The other little tidbit of information that I'd like to pass on to potential readers of this book is that there are two sad stories. One in particular almost made me cry. So, if you are merrily reading along, you may consider just skipping over these to save yourself from the wave of emotion that I was caught up in.

My Rating

Overall: 2.5 stars

Objectionable Content: A few unwelcome words sprinkled throughout the book.

Book Review: The Fiction Class by Susan Breen

November 14th, 2009

Arabella teaches a once a week fiction class. It is the kind of class that has attracted all sorts of wannabe writers. There’s a middle aged woman that seems to be afraid of her own shadow, a wealthy bachelor, a young, beautiful blond, and a myriad of others who are trying to find their “voice.”

After each Wednesday class, Arabella visits her ailing mother in a nearby nursing home. She seems to have a few unresolved issues with her mother. She does however, try to “teach” her mother how to write, and her mother unbeknownst to Arabella, writes a very poignant story.

This story is fun to read because it alternates chapters, going from the fiction class to visiting her mother and back. There are also Arabella’s class writing assignments at the end of the chapters. I liked this because I would pause to think of what I might write. I was able to pick up quite a few tips on how to improve my own writing.

I think the overall theme for this book might be that people are not always what they seem. We need to not always let first impressions ruin our ability to look a little deeper. People have the chance to enrich our lives, and we may help others without even knowing it.

My Rating

Overall: 4 stars

Objectionable content: Some offensive language scattered throughout the book. Mention of porno and transsexuals. The main character does “sleep” with someone outside the bonds of marriage.

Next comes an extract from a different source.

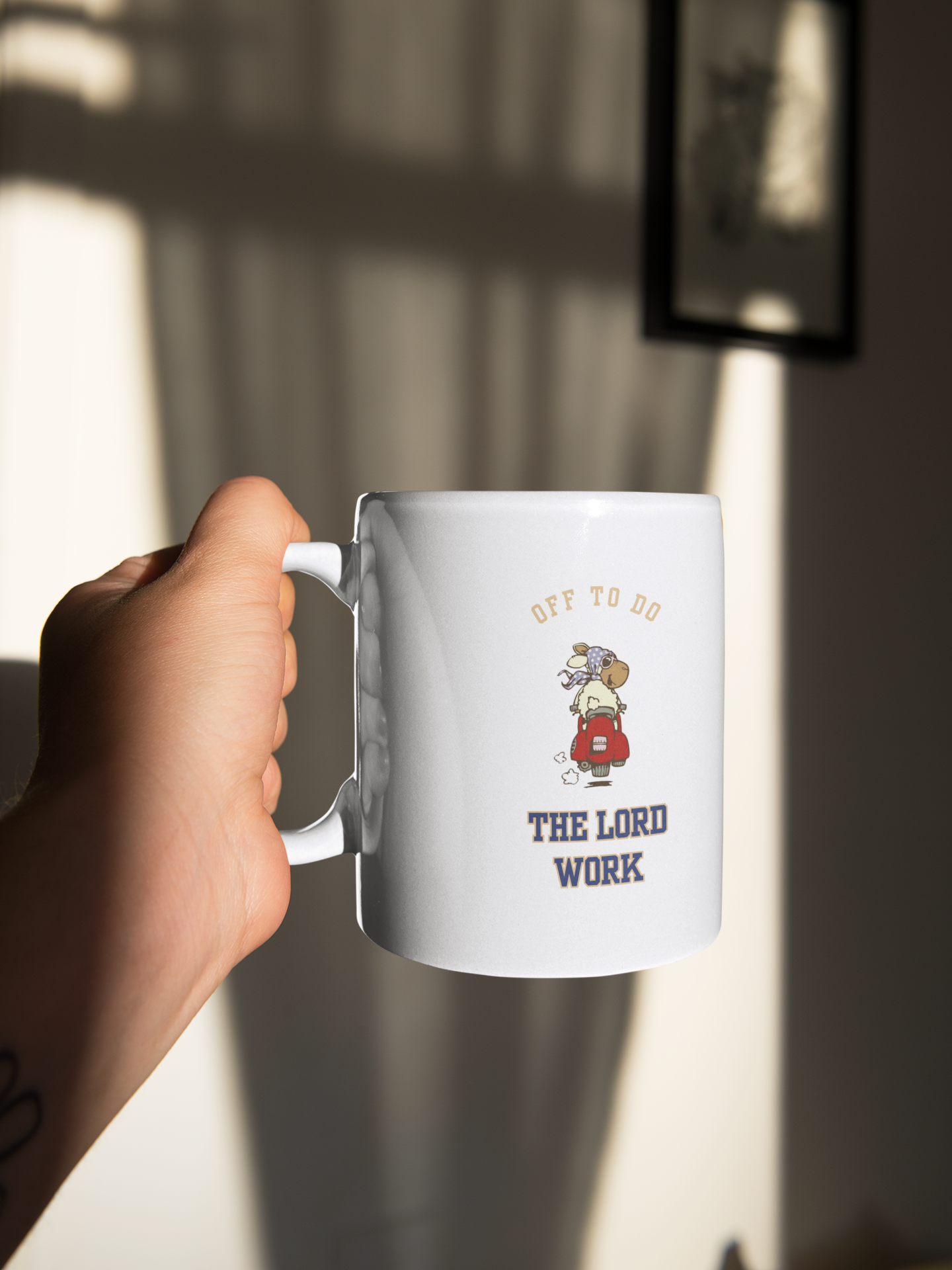Ceramic Mug - "Off to Do the Lord's Work" Cute Retro Character Faith Coffee Cup (11oz, 15oz)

Book Review: Skipping Christmas by John Grisham

November 13th, 2009

Have you ever had the thought that all of the time, energy, and money spent on “doing” up the holidays right just isn’t worth it? Maybe you’re a staunch traditionalist. That’s fine, but you’ve got to admit that just forgetting it all and going on a cruise may sound tempting. Right? I had to read to find out if the Kranks were really able to pull off this crazy idea.

This was a short, sweet story that made me chuckle quite a few times. John Grisham does a great job of describing his characters and their thoughts. You really feel for these characters. I have to admit that as with most “Christmas tales” it was a bit cheesy, but cheesy in a good way.